**COLLECTED MATERIAL:**
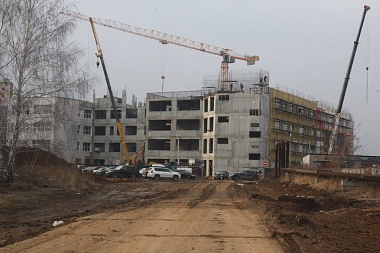 Прокуратура нагрянула на стройку школы в районе ЖК «Олимпийский»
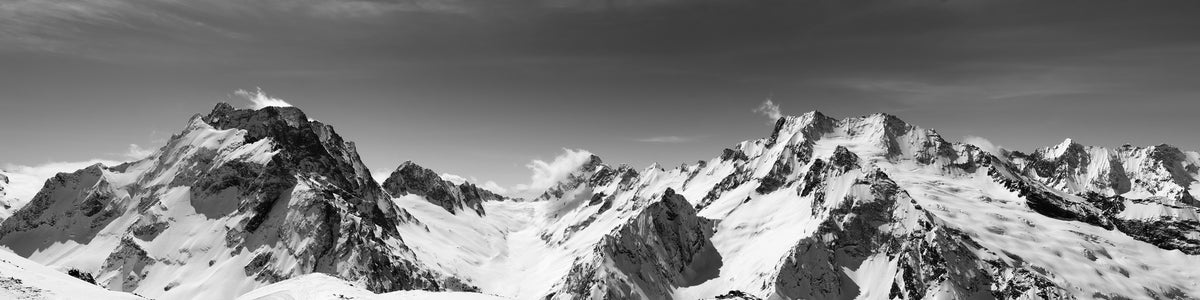 photo-wallpaper-black-and-white-panoramic-view-of-snow-capped-mountain-peaks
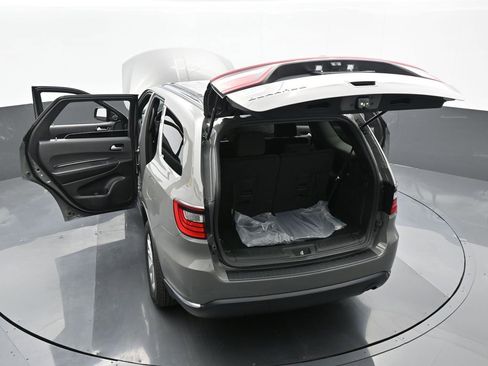 Used 2024 Dodge Durango SXT w/ 3rd Row Seating Group image 65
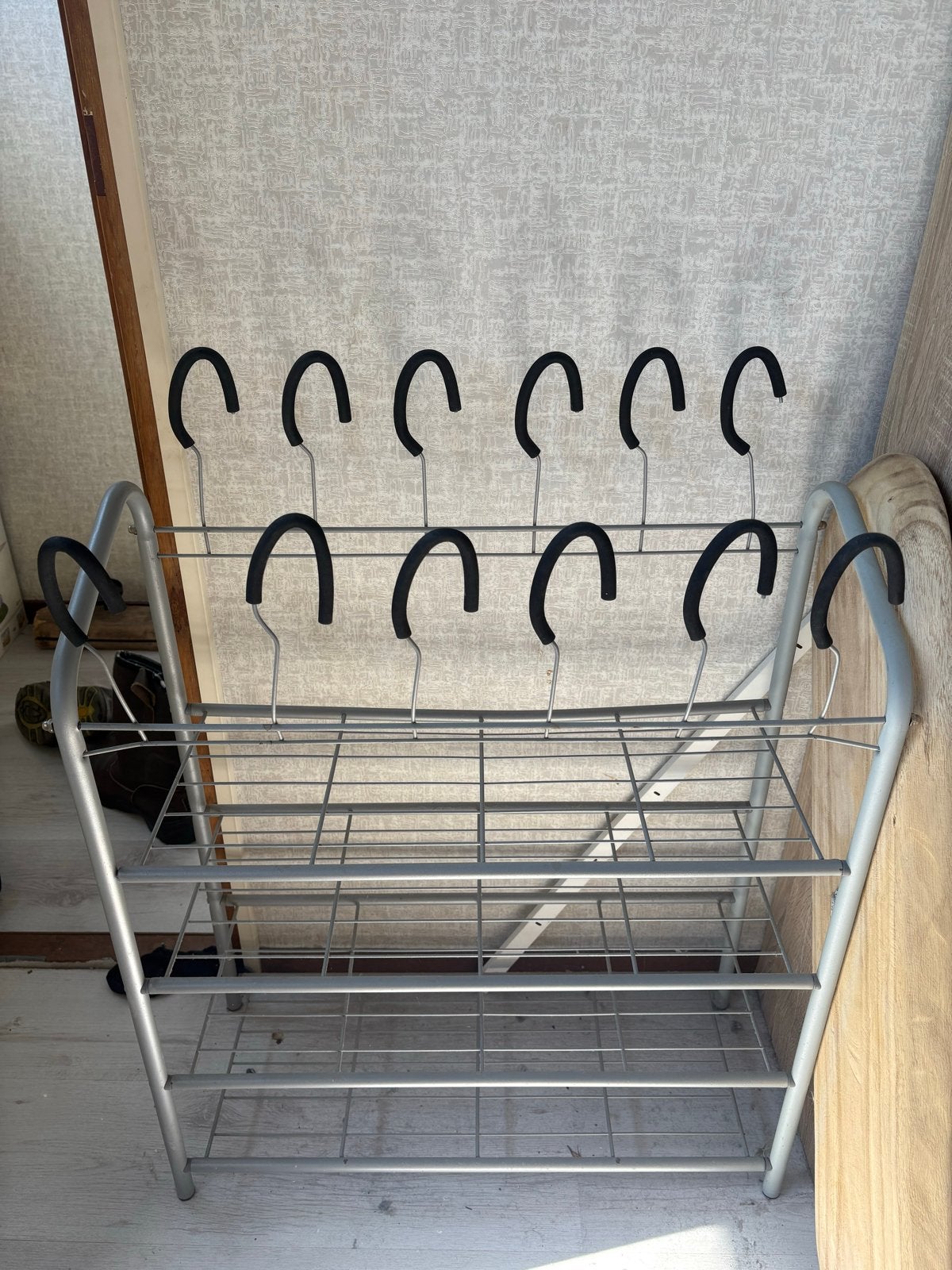 Handig schoenenrekje met 2 niveaus en hangers, Ophalen, Gebruikt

**WHAT THIS TASK INVOLVES:**
Write every line of the data out again exactly, leaving out all images.

**YOUR SOLUTION:**
 Прокуратура нагрянула на стройку школы в районе ЖК «Олимпийский»
 photo-wallpaper-black-and-white-panoramic-view-of-snow-capped-mountain-peaks
 Used 2024 Dodge Durango SXT w/ 3rd Row Seating Group image 65
 Handig schoenenrekje met 2 niveaus en hangers, Ophalen, Gebruikt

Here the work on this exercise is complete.